§ Work instructions: Instruction for the entries that follow: retype exactly the lines from the line with "(VÍDEO) Espectacular incendio" to the line with "Satılır 6 otaqlı həyət evi 210 m²", both included, and omit all others.

§ Supplied records:

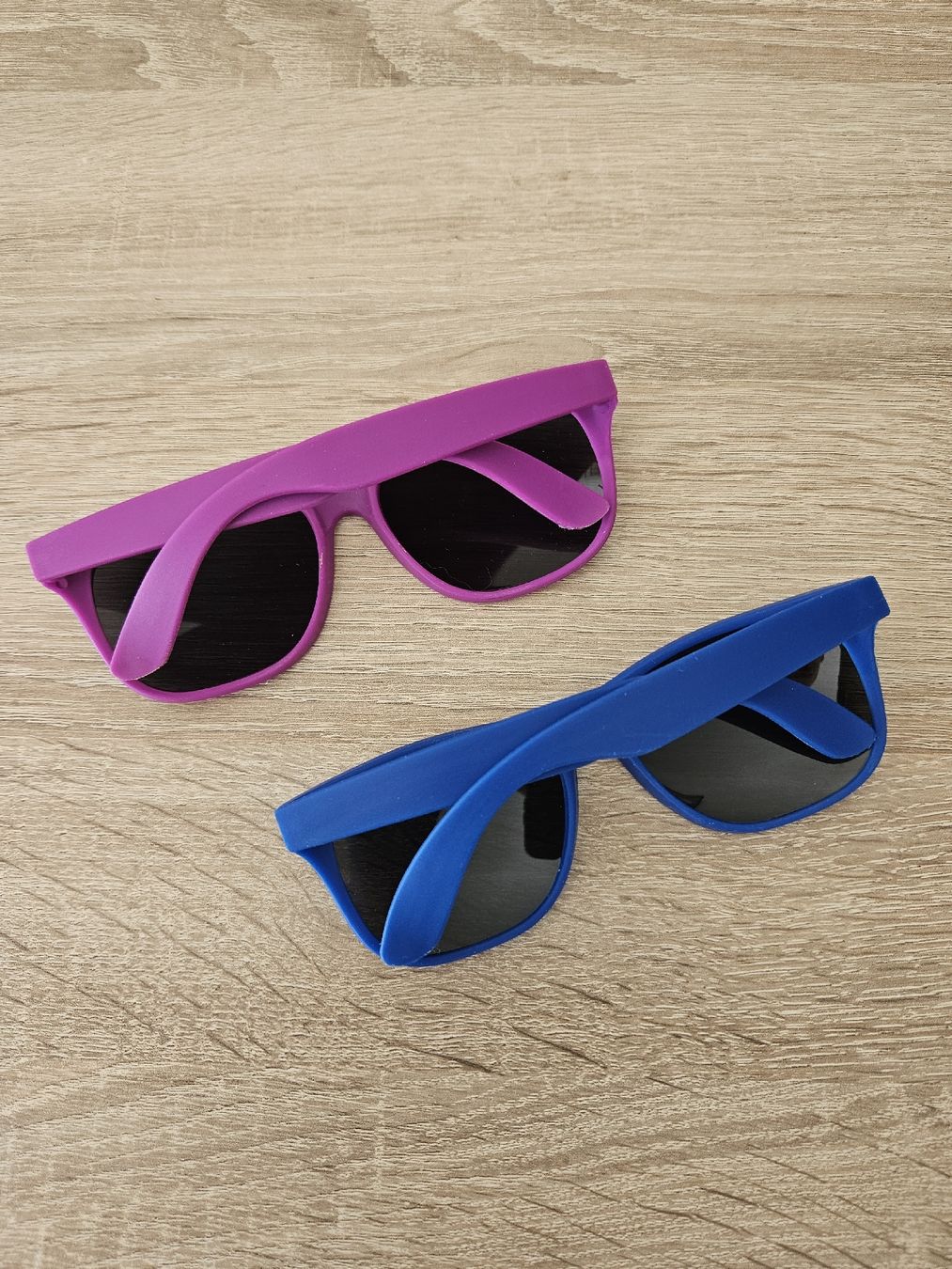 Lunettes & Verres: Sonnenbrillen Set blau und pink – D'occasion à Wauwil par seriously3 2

* * *

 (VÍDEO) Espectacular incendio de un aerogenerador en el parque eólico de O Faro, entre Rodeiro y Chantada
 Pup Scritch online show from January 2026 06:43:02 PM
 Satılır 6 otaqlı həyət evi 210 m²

§ Solved exercise:
 (VÍDEO) Espectacular incendio de un aerogenerador en el parque eólico de O Faro, entre Rodeiro y Chantada
 Pup Scritch online show from January 2026 06:43:02 PM
 Satılır 6 otaqlı həyət evi 210 m²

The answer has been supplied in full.